Problem details → Below, some lines carry pictures; leave those pictures out and retype exactly the lines from the one with "You don't need" through the one with "Hey, before we".

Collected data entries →

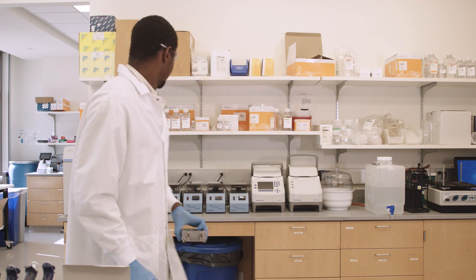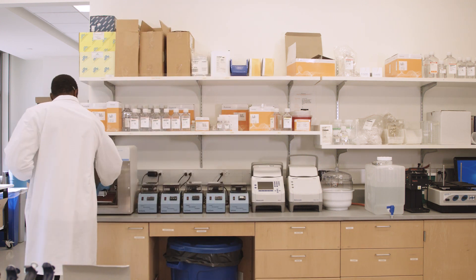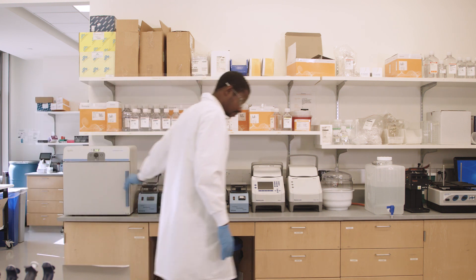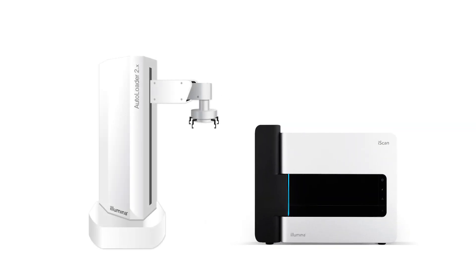You'll need additional equipment for hands-on steps, including a hybridization oven, computers, centrifuges, heat blocks, and plate shakers. You will also need an iScan to image your bead chips and may choose to use the optional autoloader to save hands-on time. Now that you have your bead chips and know what your lab will look like, let's move on to the next steps in the workflow.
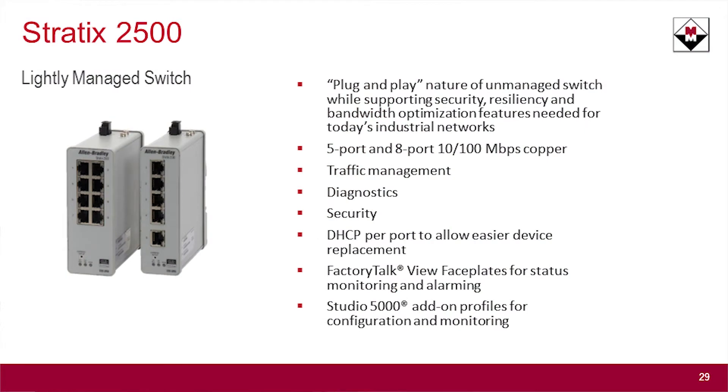You don't need to configure smart ports and things of that nature. You're looking at the lower level of your network, closer down to the devices where you need to support the VLANs you have set up, or your multicast broadcast messaging and things like that. It comes in two flavors — 5-port and 8-port — and it does basic traffic management and diagnostics out of the box.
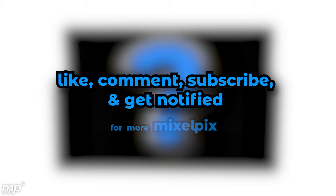Hey, before we get started, don't forget to like, comment, subscribe, and hit that notification button.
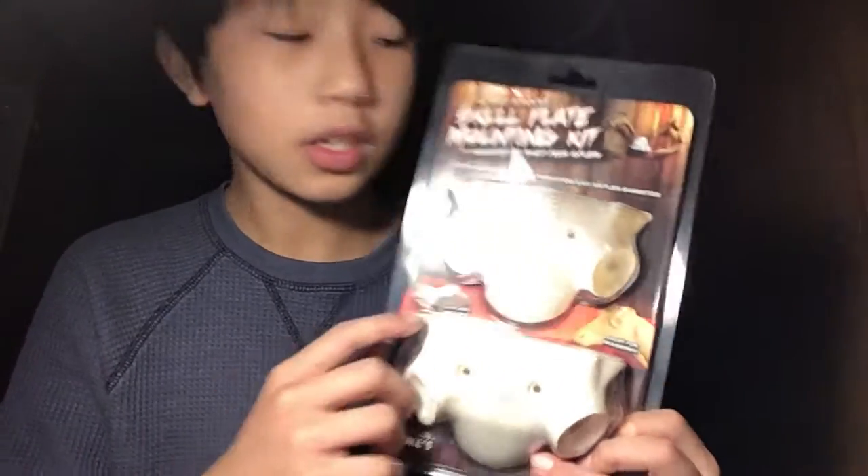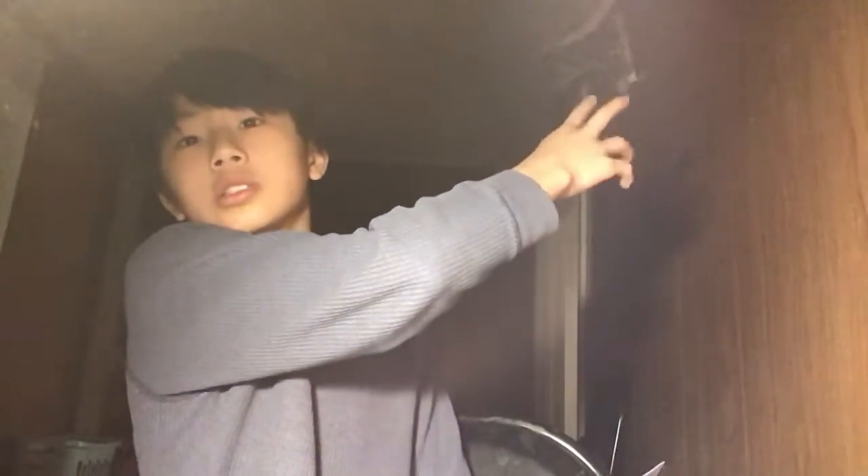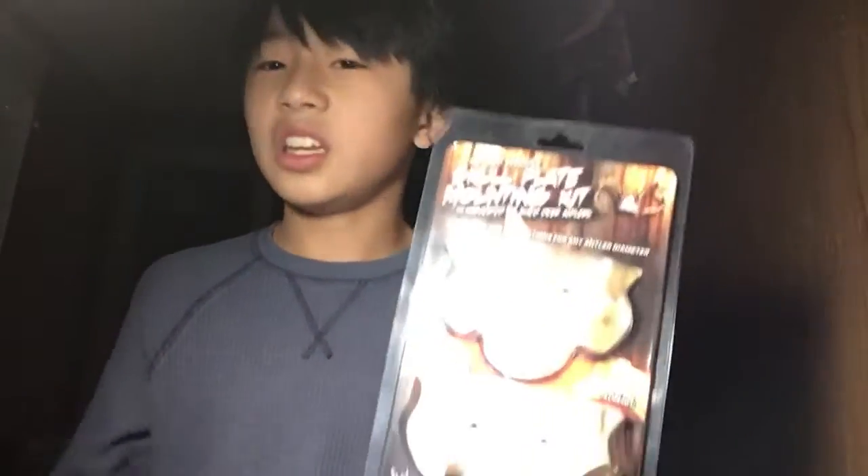Hey guys, welcome back to my YouTube channel! Today we are going to be using the skull plaque mounting kit from Mountain Mics. One of them is gone because I've already used it on one of those bucks up there — but you can see that one right there, that's the biggest buck I've killed. I'll show you guys a different video for that, but this one is still here so I'm gonna use this one instead. Let's do it!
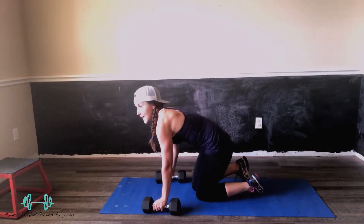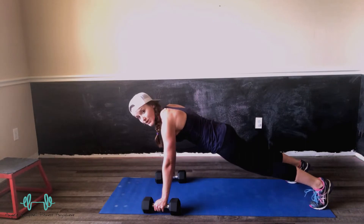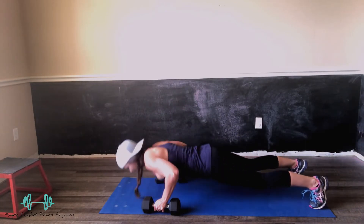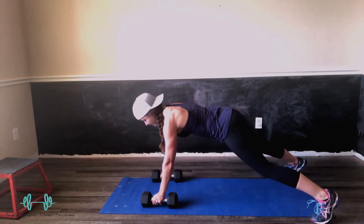So back in that plank position — feet up, core tight, back straight. Where are my shoulders? They're in line with my elbows. Nice push-up first, and then bring it up on both sides before you drop right back down for the push-up.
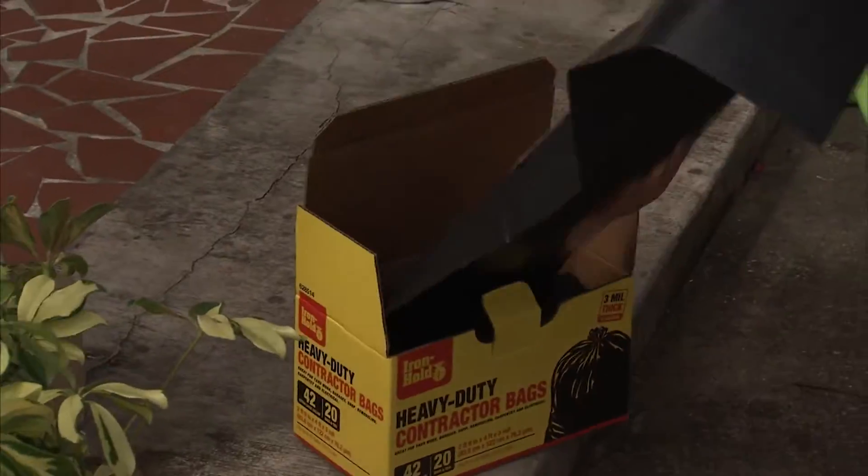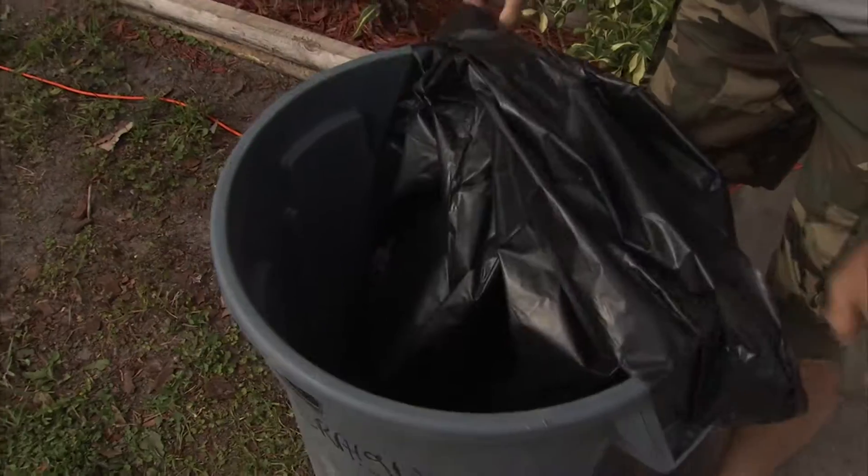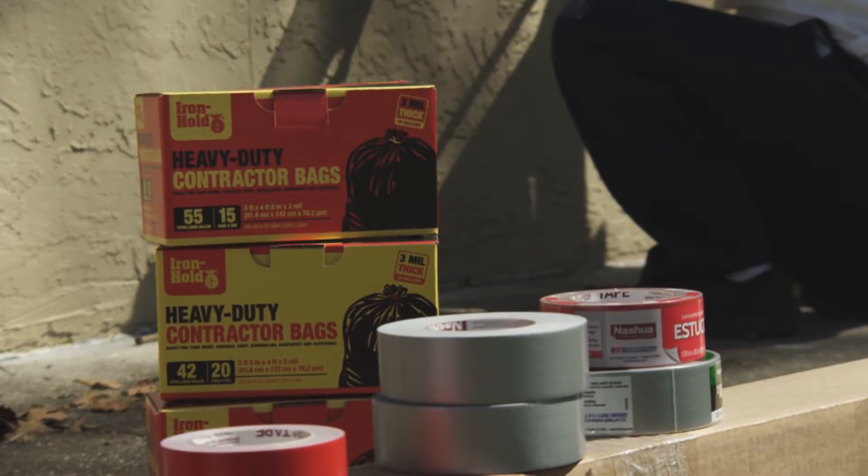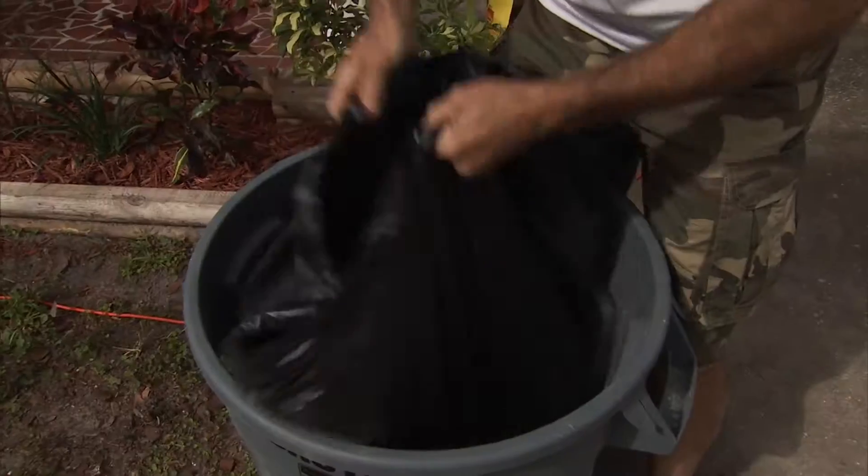So what are the top two or three things that somebody should look for when they want a good contractor bag? The first thing to look for is the mil thickness — you want to make sure that you're getting a three mil thick product. The other thing is the size; either a 42 gallon or a 55 gallon is probably going to work for most applications. And then the third is the count — you want to make sure that you're getting enough to finish the job.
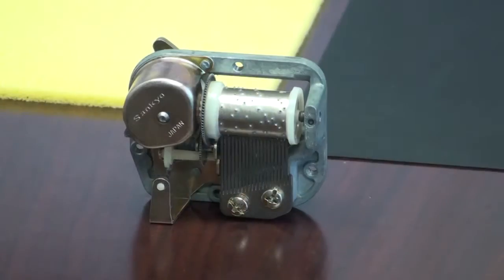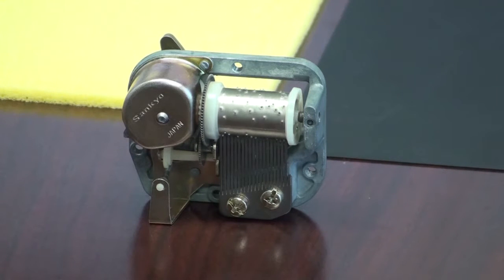We'll take this music box, let's wind it up, and when we place it on the table, there is no vibration damping interface between the music box and the table, so the vibrations are flowing directly from the music box to the table.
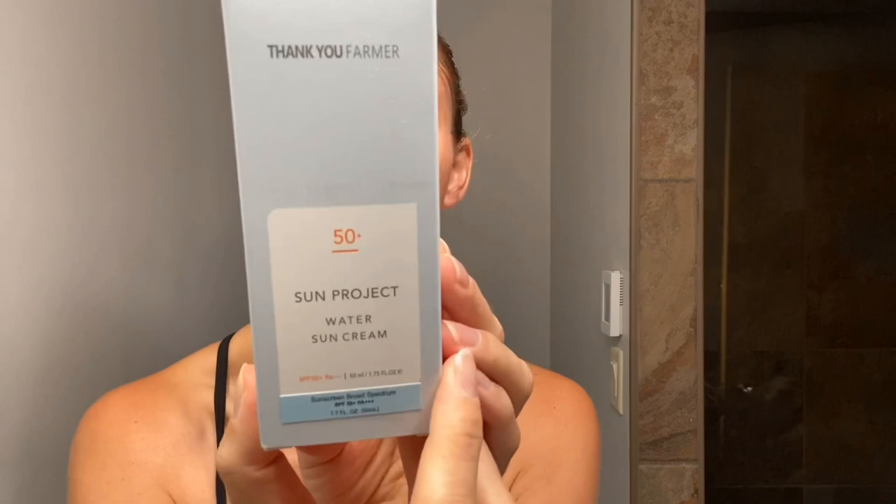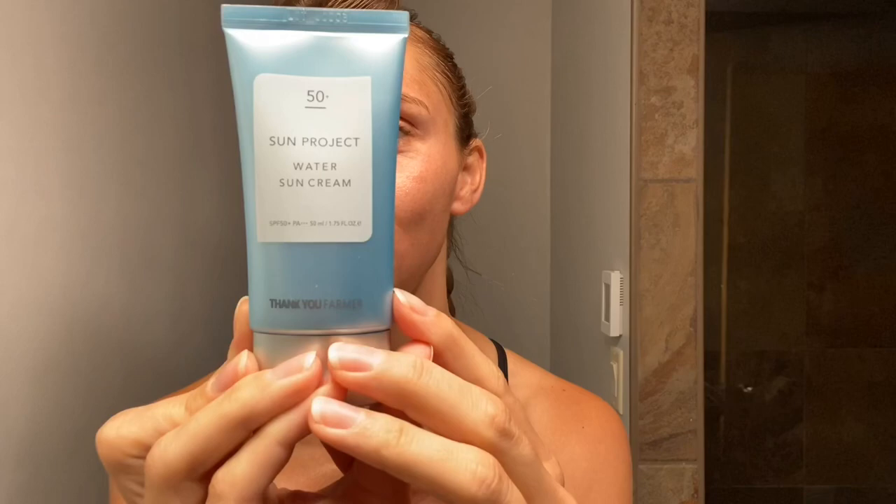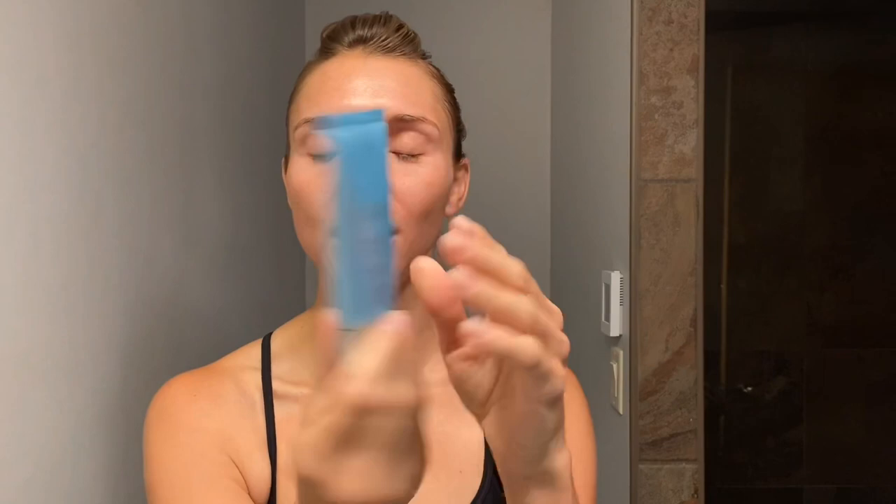The description of this does sound pretty fancy — it's not supposed to leave a white cast, it's not supposed to be sticky, and it has some cool ingredients. I'm excited to open this up and try it out. Let me show you guys the box up close. This is a broad spectrum SPF 50 and it's a PA+++. And it's a really cute, kind of pearlized blue bottle — hence the water sun cream. It almost has like a little bit of an iridescence to it.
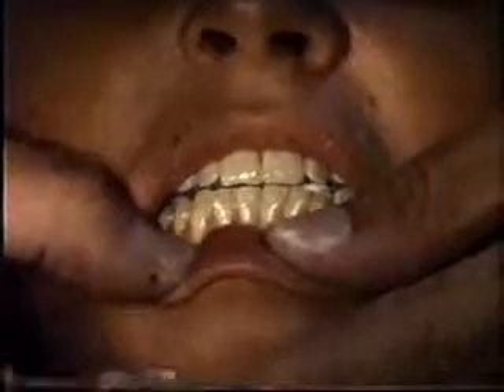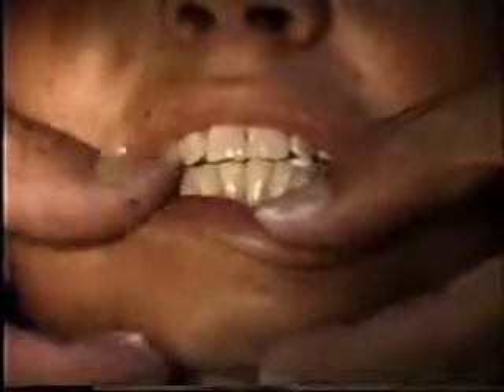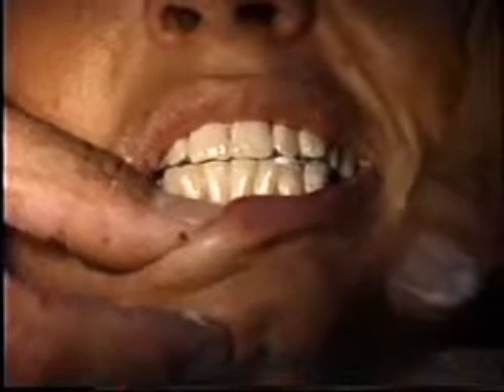Now we have added soft acrylic in the two areas — the bicuspid pads — and then we will replace the appliance and have her close into this new position using the ramp as guidance. Now come forward and hold that position, stay right there, and we also make sure the midlines are lined up.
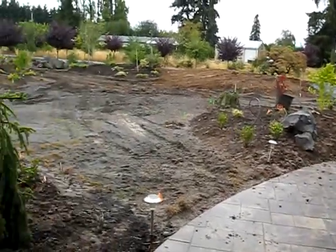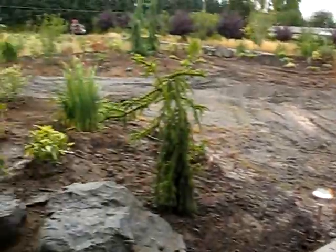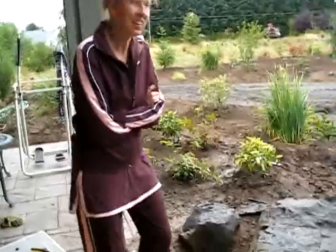Here we are at Laura's house. We did some regrading of this mound over here and placed a whole bunch of boulders here. I just want to ask Laura what she thinks of hiring Neil Ice and A Bobcat Excavating to do some work for her.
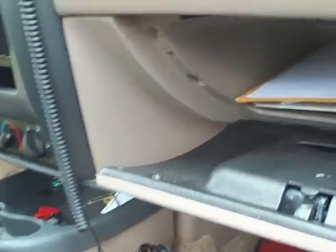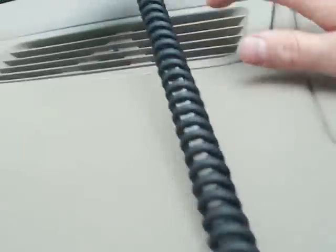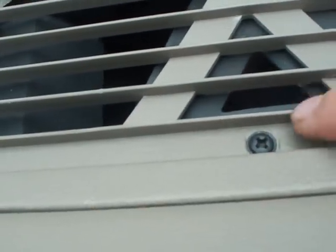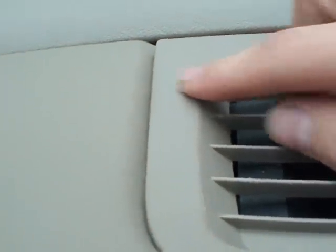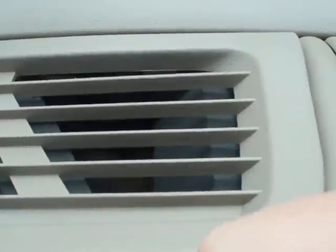The last part, just to get this tan dash piece out up here — remove this. There is a screw right there that needs to come out. Once you get that screw out, this whole vent cover pops up. Use a screwdriver; it is held in by clips. And on this side there is another torque screw, and on the other side another torque screw. Those need to come out.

Exercise result →
You don't need to configure smart ports and things of that nature. You're looking at the lower level of your network, closer down to the devices where you need to support the VLANs you have set up, or your multicast broadcast messaging and things like that. It comes in two flavors — 5-port and 8-port — and it does basic traffic management and diagnostics out of the box.
Hey, before we get started, don't forget to like, comment, subscribe, and hit that notification button.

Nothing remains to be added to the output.